Assignment:
Copy exactly, and only, the lines from the line containing "Sage-and-Pomegranate Juice Gravy" through the last line of the records below, both included, and leave out any pictures.

Records excerpted from a collection:
******************************
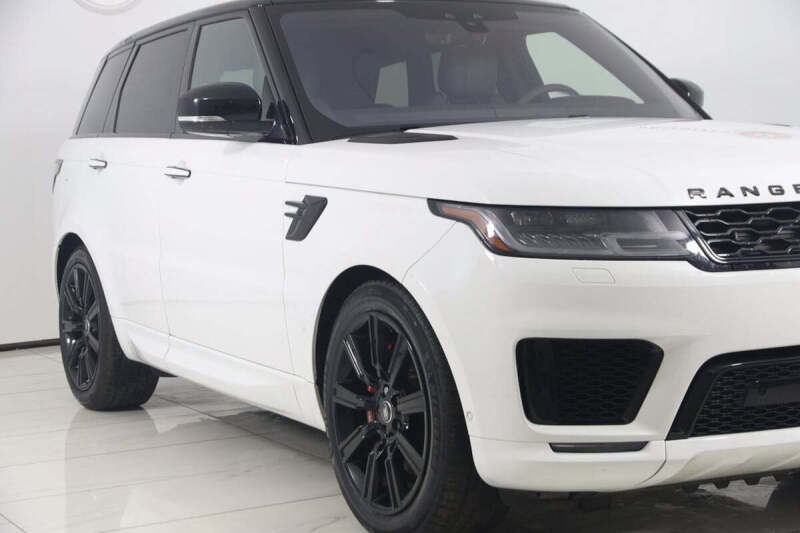 2020 Land Rover Range Rover Sport HST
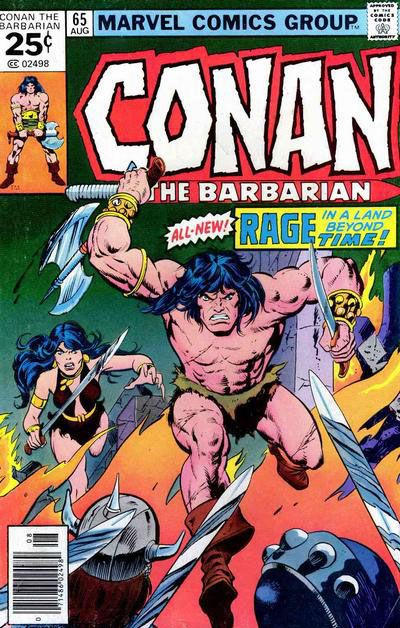 Conan the Barbarian #65 (1976)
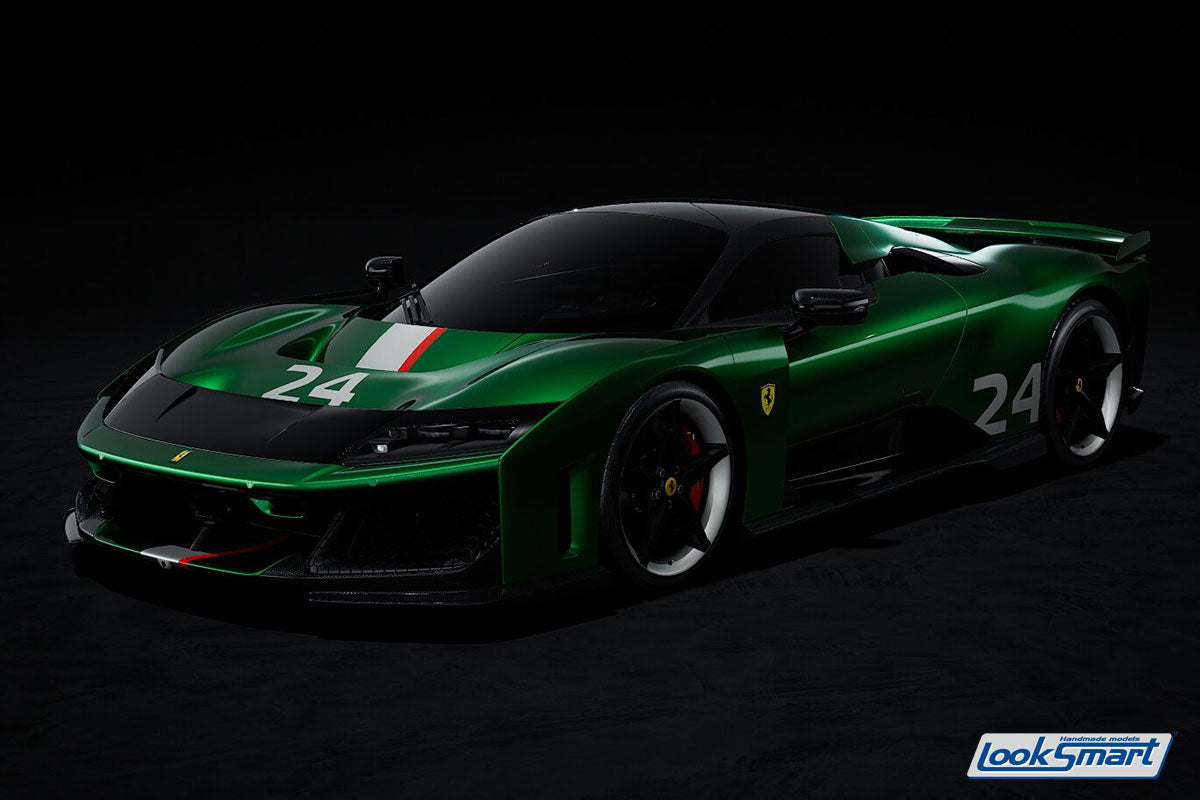 LookSmart FERRARI F80 - Limited Edition with Display Case (1/12 Scale)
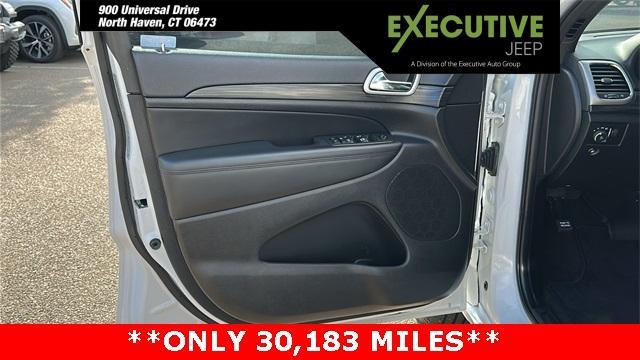 used 2022 Jeep Grand Cherokee WK car, priced at $30,899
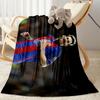Messi Scores Crucial Goal Blanket Warmthful Decor Great for Sofa Couch Office Four Seasons Universal Modern Gifts For Family Or Friends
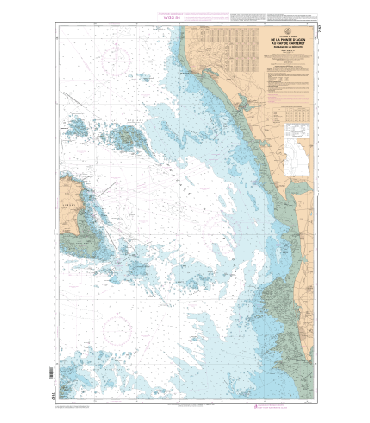 7157 L - De la Pointe d'Agon au Cap de Carteret - Passage de la Déroute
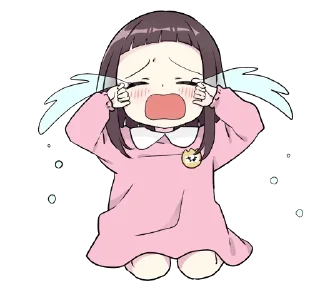 😭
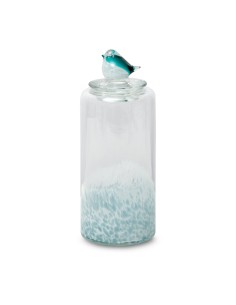 SZKŁO DEKORACYJNE DAGI (01) O 12 X 32 CM BIAŁY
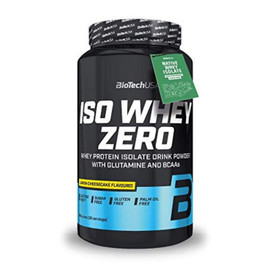 Biotech USA Iso Whey Zero Lemon Cheesecake - 908g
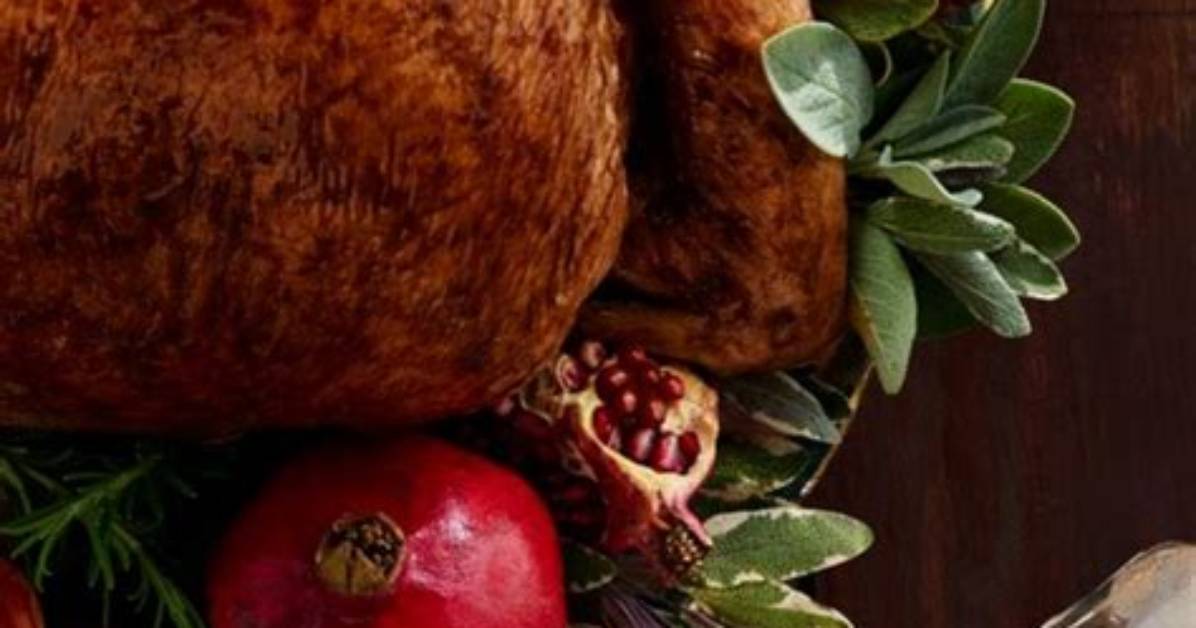 Sage-and-Pomegranate Juice Gravy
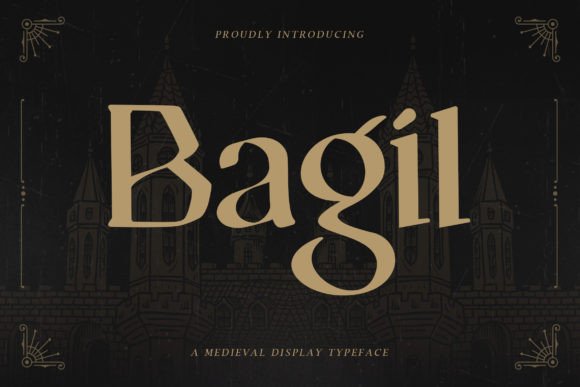 Bagil: The Medieval Serif Font That Elevates Small Business Branding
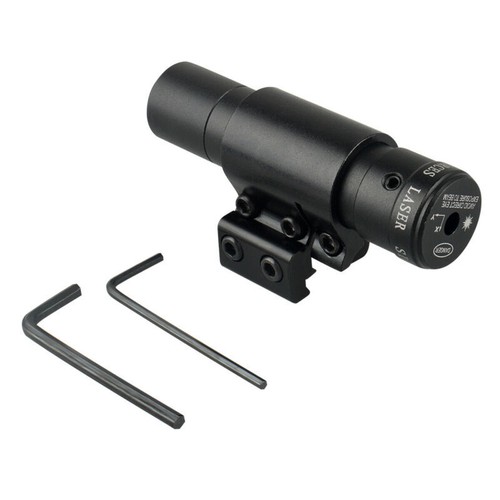 Red Green Laser Beam Scope For 11/20mm Gun Rifle Pistol Dot Sight Barrel Mount - Picture 6 of 14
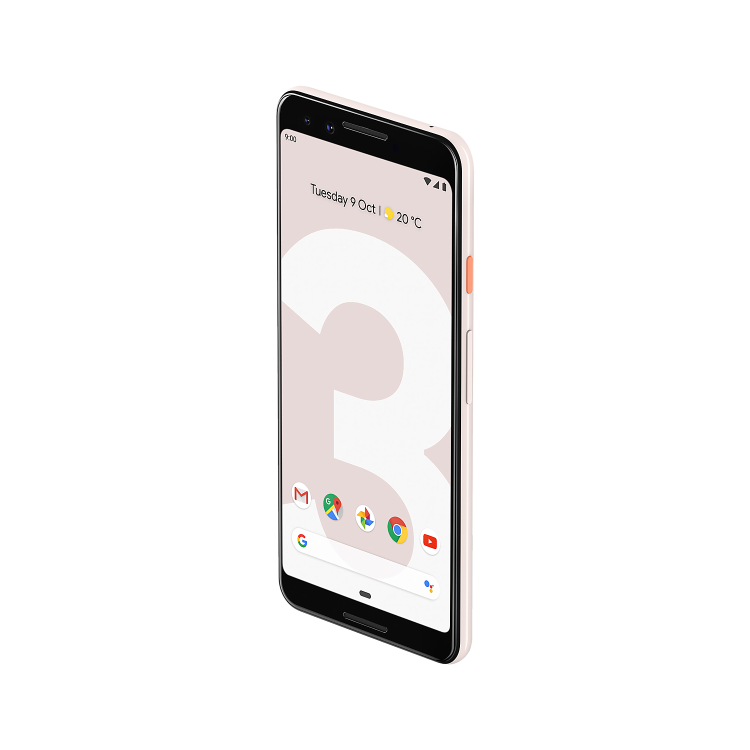 Refurbished Google Pixel 3 Not Pink 5.5" 64GB 4G Unlocked & SIM Free Smartphone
******************************
Your solution:
 Sage-and-Pomegranate Juice Gravy
 Bagil: The Medieval Serif Font That Elevates Small Business Branding
 Red Green Laser Beam Scope For 11/20mm Gun Rifle Pistol Dot Sight Barrel Mount - Picture 6 of 14
 Refurbished Google Pixel 3 Not Pink 5.5" 64GB 4G Unlocked & SIM Free Smartphone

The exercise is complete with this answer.